Pour une approche globale

 

La fiscalité française sur le secteur énergétique manque de lisibilité et de cohérence, permet l'orchestration de rentes de situation, génère des phases de spéculation pure au détriment du bien commun! Face à cette situation, l' IRC propose plusieurs changements notables...

 

1- un Ministère d' Etat en charge de la Politique Maritime

Ce Ministère d' Etat en charge de la politique maritime comporterait un Collège de représentants, au moins un pour chaque espace maritime. Y seraient rattachés:

-un Secrétariat à l'Outremer (collectivités territoriales ultra-marines) ne dépendant donc plus du Ministère de l'Intérieur...

-un Secrétariat d' Etat en charge de la Pêche et des Affaires maritimes (étude, préservation, exploitation des ressources en milieu marin, commerce maritime).

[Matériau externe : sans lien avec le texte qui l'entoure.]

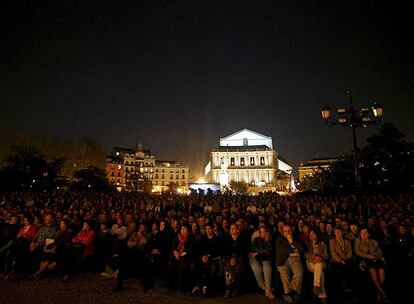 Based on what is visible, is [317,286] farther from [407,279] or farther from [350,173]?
[350,173]

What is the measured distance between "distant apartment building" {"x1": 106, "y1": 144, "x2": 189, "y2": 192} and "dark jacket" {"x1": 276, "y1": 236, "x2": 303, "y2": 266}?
89599mm

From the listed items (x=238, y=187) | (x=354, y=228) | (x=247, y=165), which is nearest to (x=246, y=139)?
(x=247, y=165)

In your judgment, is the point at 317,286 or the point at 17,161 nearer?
the point at 317,286

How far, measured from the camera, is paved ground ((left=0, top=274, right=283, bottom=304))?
21.9ft

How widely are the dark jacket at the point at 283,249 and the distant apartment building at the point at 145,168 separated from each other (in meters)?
89.6

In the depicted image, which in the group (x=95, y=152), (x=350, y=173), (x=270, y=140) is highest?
(x=270, y=140)

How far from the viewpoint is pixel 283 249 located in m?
7.30

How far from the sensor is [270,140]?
108 metres

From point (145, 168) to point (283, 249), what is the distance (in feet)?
316

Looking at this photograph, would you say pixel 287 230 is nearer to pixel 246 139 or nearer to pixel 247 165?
pixel 247 165

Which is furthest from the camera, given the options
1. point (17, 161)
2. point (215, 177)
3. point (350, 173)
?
point (215, 177)

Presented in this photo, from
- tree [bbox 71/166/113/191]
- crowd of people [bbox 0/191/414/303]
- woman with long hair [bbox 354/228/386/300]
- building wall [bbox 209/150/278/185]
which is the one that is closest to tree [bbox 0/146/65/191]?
tree [bbox 71/166/113/191]

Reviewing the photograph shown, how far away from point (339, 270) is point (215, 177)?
3414 inches

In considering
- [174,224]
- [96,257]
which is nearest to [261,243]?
[174,224] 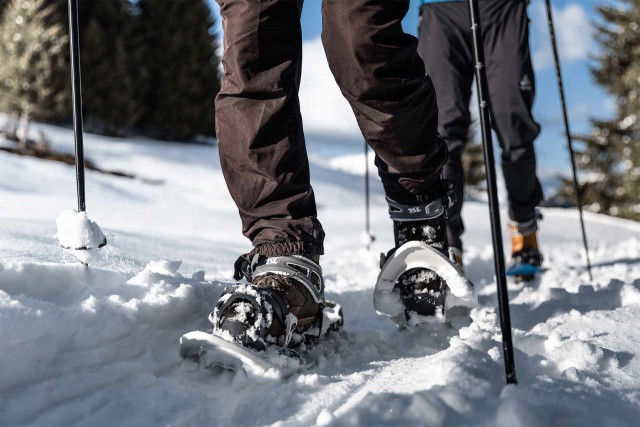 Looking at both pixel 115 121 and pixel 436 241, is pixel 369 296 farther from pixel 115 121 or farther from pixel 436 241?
pixel 115 121

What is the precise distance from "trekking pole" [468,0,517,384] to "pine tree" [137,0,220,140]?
20.0 m

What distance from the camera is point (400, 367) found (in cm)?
128

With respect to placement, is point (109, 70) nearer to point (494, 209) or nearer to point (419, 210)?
point (419, 210)

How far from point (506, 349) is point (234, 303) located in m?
0.56

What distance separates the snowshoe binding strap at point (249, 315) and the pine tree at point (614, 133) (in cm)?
1770

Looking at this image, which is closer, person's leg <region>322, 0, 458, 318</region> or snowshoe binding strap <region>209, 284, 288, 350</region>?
snowshoe binding strap <region>209, 284, 288, 350</region>

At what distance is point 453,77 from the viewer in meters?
2.94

-le Secrétariat en charge de la Coopération et de la Francophonie.

 

Selon l' Ifremer, le marché mondial des énergies marines serait de 10 à 30 fois supérieur au marché européen tandis que la France dispose du deuxième espace maritime au monde... Même si les enjeux sont multiples, à court terme celui des algocarburants, dont le rendement à l'hectare apparaît en effet bien supérieur (jusqu'à 600 tonnes à l'hectare!) à celui des agro-carburants, justifierait à lui seul que la France monte en puissance par rapport à la mise en valeur de ses territoires ultra-marins et espaces maritimes, de ses collectivités locales disposant d'une façade maritime, pour occuper une des premières places au niveau mondial.

 

Ainsi, nous abordons l'avancée technologique de l'entreprise franco-espagnole (Bio Fuel System BFS) qui produit un pétrole artificiel dit «pétrole bleu» (marketing), en fait du merole produit grâce à des micro-algues exploitant l'énergie solaire et les rejets de CO2 d' usines déjà existantes... Fort de la vente de sous-produits comme les omégas 3 dans un rapport en volume de 1 à 150 par rapport au «pétrole bleu», BFS nous promet un baril à 30 dollars contre plus de 100 en avril 2011, et alors que le PDG de Total lui nous annonce un baril de pétrole à 200 dollars à l'avenir... L' IRC souhaite donc clairement contribuer à la mobilisation des Français en faveur de BFS ou d'autres acteurs de cette filière, des entreprises qui nous renvoient aussi à un modèle de développement économique auto-centré qui n'est pas nécessairement celui imposé par les multinationales ou l'Union européenne... Soulignons l'inertie de l'UMP et de la représentation politique nationale alors que BFS vient de signer avec Pétrobras (multinationale brésilienne)...

 

Précisons que les rendements seraient suffisants avec un ensoleillement à 120 Kilocalories/M2/an sur la façade méditerranéenne, a fortiori en Calédonie, Polynésie, la Réunion et la Guyane avec environ 160 Kilocalories/M2/an... Par ailleurs, le premier site développé se situant à Alicante, on évoquait pour l'Espagne la création de 50000 emplois très qualifiés pour cette seule filière... On peut évidemment considérer l'intérêt de coopérations sur ces énergies nouvelles et autres domaines de recherche dans le cadre de la Francophonie!

 

 

2- un tableau de bord fiscal et une TISRE

Dans le cadre d'une approche globale du secteur de l'énergie, ce tableau récapitulerait les coûts de production, les prix à la consommation et leur évolution, le niveau de taxation par l'Etat pour chaque secteur de production énergétique. Il préciserait des perspectives claires, intelligibles pour le plus grand nombre... Ainsi, il intégrerait d'emblée, concernant les anticipations pour les secteurs émergents, un coût plus élevé de l'énergie grâce à la mise en place d' une TISRE, taxe intérieure sur les ressources énergétiques, modulable par secteur énergétique en fonction des investissements à financer qui portent forcément sur plusieurs dizaines de milliards d'euros. Ainsi le 3 février 2011, le cours du baril de pétrole était à 66,32 euros, soit 0,417 euro/l, donc moins de 0,6 euro/l une fois raffiné... Un prix plafond (1,30/l) sur les carburants pourrait être imposé par l'Etat (évidemment sous pression populaire!)... De plus, dans le cas d' un carburant produit pour 30% à 2 euros/litre sur le territoire national et pour 70% à 1 euro hors de France, on obtient bien 1,30/litre... en théorie car BFS nous promet un algocarburant à un coût de production bien inférieur, le raffinage étant restreint...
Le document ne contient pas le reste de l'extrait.